[Extracted records]
= Beginning of Section =

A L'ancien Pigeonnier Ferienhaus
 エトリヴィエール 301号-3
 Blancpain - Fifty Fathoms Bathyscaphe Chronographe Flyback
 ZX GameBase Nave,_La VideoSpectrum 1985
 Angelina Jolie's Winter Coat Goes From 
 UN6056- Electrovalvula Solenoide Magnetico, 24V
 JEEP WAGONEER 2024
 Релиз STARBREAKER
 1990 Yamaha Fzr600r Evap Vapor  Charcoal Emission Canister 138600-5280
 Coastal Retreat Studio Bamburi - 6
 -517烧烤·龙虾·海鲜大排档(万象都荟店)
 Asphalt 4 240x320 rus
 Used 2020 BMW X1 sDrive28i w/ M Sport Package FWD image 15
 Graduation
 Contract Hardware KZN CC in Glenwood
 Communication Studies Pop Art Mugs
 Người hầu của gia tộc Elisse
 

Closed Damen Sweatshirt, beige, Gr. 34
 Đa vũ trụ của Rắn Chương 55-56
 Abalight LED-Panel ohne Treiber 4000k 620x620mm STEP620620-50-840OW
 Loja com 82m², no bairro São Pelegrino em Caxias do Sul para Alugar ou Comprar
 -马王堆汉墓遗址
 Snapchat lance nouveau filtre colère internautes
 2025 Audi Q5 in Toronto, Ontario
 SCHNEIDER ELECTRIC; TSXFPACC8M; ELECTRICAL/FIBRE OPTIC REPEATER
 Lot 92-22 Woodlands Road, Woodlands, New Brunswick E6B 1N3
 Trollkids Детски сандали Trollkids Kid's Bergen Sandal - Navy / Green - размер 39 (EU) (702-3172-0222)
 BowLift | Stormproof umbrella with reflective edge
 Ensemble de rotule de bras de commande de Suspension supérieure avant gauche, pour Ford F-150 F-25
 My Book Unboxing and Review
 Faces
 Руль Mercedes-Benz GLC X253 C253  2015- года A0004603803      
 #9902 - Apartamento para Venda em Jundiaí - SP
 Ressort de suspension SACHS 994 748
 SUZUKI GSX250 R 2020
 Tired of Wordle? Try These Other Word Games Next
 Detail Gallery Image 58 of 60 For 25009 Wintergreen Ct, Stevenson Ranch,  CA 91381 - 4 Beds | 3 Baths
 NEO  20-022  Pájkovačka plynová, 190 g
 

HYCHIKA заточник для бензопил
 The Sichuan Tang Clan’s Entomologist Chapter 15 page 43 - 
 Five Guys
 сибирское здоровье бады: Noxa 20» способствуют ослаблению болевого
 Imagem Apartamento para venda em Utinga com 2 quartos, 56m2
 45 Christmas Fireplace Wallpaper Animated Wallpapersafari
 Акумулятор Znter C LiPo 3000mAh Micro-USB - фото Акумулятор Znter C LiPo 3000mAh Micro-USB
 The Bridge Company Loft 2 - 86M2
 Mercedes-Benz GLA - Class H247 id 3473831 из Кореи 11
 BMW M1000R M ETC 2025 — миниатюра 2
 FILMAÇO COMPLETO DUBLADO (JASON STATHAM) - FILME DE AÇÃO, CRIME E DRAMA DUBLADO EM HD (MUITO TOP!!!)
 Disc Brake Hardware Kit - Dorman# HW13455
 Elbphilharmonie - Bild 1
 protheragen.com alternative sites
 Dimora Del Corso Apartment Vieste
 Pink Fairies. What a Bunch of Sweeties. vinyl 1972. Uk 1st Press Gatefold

= End of Section =

• Assigned task:
What is needed is a word-for-word restatement of every line from the one with "#9902 - Apartamento" to the end of the entries above.

• Answer section:
 #9902 - Apartamento para Venda em Jundiaí - SP
 Ressort de suspension SACHS 994 748
 SUZUKI GSX250 R 2020
 Tired of Wordle? Try These Other Word Games Next
 Detail Gallery Image 58 of 60 For 25009 Wintergreen Ct, Stevenson Ranch,  CA 91381 - 4 Beds | 3 Baths
 NEO  20-022  Pájkovačka plynová, 190 g
 

HYCHIKA заточник для бензопил
 The Sichuan Tang Clan’s Entomologist Chapter 15 page 43 - 
 Five Guys
 сибирское здоровье бады: Noxa 20» способствуют ослаблению болевого
 Imagem Apartamento para venda em Utinga com 2 quartos, 56m2
 45 Christmas Fireplace Wallpaper Animated Wallpapersafari
 Акумулятор Znter C LiPo 3000mAh Micro-USB - фото Акумулятор Znter C LiPo 3000mAh Micro-USB
 The Bridge Company Loft 2 - 86M2
 Mercedes-Benz GLA - Class H247 id 3473831 из Кореи 11
 BMW M1000R M ETC 2025 — миниатюра 2
 FILMAÇO COMPLETO DUBLADO (JASON STATHAM) - FILME DE AÇÃO, CRIME E DRAMA DUBLADO EM HD (MUITO TOP!!!)
 Disc Brake Hardware Kit - Dorman# HW13455
 Elbphilharmonie - Bild 1
 protheragen.com alternative sites
 Dimora Del Corso Apartment Vieste
 Pink Fairies. What a Bunch of Sweeties. vinyl 1972. Uk 1st Press Gatefold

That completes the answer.